Support and Advocacy for the Student Community

Undergraduate Multicultural Affairs continues to expand its training and services to reflect the needs and interests of students as well as the changing social climate. Recent filled-to-capacity sessions focused on unconscious bias, anti-racism, disability justice, LGBTQ+ support and solidarity, understanding anti-Semitism and communicating across cultures. Staff members work closely with students and University offices to provide necessary advocacy and to bolster the voices and perspectives of diverse student voices. Multicultural Affairs also coordinates the bias response with senior leaders across Columbia College and Columbia Engineering and with campus partners to support affected students, provide educational opportunities and address any harm done to the community through restorative justice practices.

Multicultural Affairs is a resource throughout a student’s time at Columbia. Starting with Orientation, students can connect with others with shared experiences through, for example, the International Student Orientation Program, and engage in dialogue about identity and social responsibility through Under1Roof, a required program that brought particular attention to anti-Black racism this year. From queer and trans student of color socials through LGBTQ@Columbia and small group conversations among first-generation and low-income students through FLI@Columbia, staff facilitate spaces for community building and self-awareness. The Identity and Inclusion workshop/training series and social justice-focused residential program Intercultural House provide opportunities to build competency, empathy and the skills needed to spur students’ allyship with one another and to social action.

College Access for Underserved Neighborhood Youth

The Double Discovery Center is a more-than-50-year-old extension of Columbia College that prioritizes assisting in the education of and providing support for low-income and first-generation college-bound youth from Harlem and Washington Heights.

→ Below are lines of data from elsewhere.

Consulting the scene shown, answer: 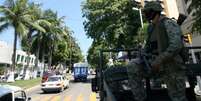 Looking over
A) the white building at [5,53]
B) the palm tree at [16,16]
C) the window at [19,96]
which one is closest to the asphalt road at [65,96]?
the window at [19,96]

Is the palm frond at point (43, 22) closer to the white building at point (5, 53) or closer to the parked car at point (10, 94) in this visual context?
the white building at point (5, 53)

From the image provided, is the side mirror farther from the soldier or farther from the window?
the window

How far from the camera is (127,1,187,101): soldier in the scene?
377 cm

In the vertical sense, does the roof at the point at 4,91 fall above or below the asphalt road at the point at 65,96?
above

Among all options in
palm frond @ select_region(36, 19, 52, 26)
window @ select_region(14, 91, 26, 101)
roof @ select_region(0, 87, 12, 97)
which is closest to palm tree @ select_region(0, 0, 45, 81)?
palm frond @ select_region(36, 19, 52, 26)

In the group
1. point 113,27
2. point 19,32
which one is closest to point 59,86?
point 113,27

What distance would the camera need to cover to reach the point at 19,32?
45.9 meters

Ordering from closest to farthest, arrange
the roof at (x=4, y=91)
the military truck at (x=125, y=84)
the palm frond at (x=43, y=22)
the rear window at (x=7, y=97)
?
the military truck at (x=125, y=84) < the rear window at (x=7, y=97) < the roof at (x=4, y=91) < the palm frond at (x=43, y=22)

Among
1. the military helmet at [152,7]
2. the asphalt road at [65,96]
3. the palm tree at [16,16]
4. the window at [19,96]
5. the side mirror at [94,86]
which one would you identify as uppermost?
the palm tree at [16,16]

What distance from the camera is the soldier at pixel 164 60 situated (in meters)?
3.77

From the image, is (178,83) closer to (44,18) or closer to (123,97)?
(123,97)

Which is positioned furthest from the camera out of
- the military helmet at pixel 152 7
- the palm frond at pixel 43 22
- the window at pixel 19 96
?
the palm frond at pixel 43 22

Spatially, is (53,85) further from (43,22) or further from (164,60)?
(164,60)

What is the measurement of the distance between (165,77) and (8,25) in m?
43.8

DDC seeks to increase the rates of high school graduation, as well as college enrollment and subsequent graduation, for these high school students. DDC has made college access and success a reality for more than 15,000 individuals, with about 90 percent of its high school seniors graduating annually on time and entering college in the following fall semester. This far surpasses city, state and national outcomes for low-income, first-generation college-bound students.

Local high school students are invited to participate in courses that confront race and inequity in the United States through historical lenses as well as through the arts, such as creative writing. Recent courses include “Crime, Poverty, and Social Inequalities: Examining Justice and Race Through the Written Word” and “Aligned African-American History.”

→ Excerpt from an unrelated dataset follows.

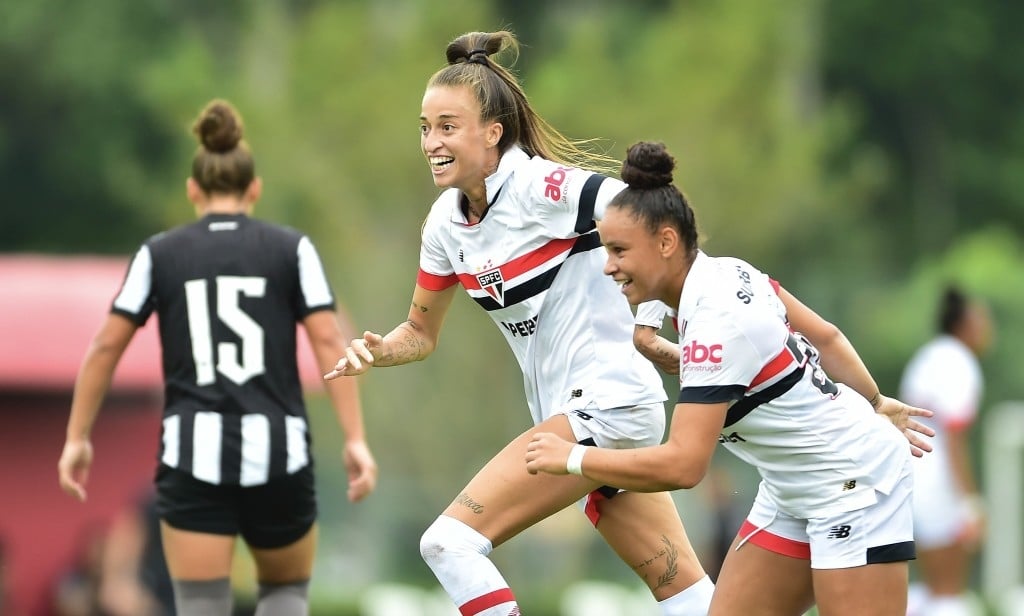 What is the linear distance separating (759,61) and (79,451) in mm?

Due to the pandemic, in early 2020 DDC transitioned all college prep and academic enrichment classes, college advising, mentoring and tutoring sessions to remote learning platforms. In addition, staff launched “Stress Less” and other online coaching sessions to support students’ and families’ physical, mental and emotional health, along with offering a Healthy Minds & Body hotline that allows students to reach a DDC social worker and/or intern whenever they need support.


The College will continue its many efforts to uphold the core values of Diversity, Equity and Inclusion throughout the student experience. As always, this begins with targeted outreach and personalized guidance for prospective students in underprivileged communities and follows with providing supplemental orientations, tutoring and academic support that help disadvantaged students become equally prepared for the rigor — social and academic — of a Columbia undergraduate experience. From academic advising to career counseling, classroom experiences to social programming, staff and administration at Columbia have been engaging more deeply in regular training around unconscious bias, and taking workshops on diversity and intentional strategic initiatives to tackle any racism embedded in processes, programs or culture. Ideas and feedback are welcome.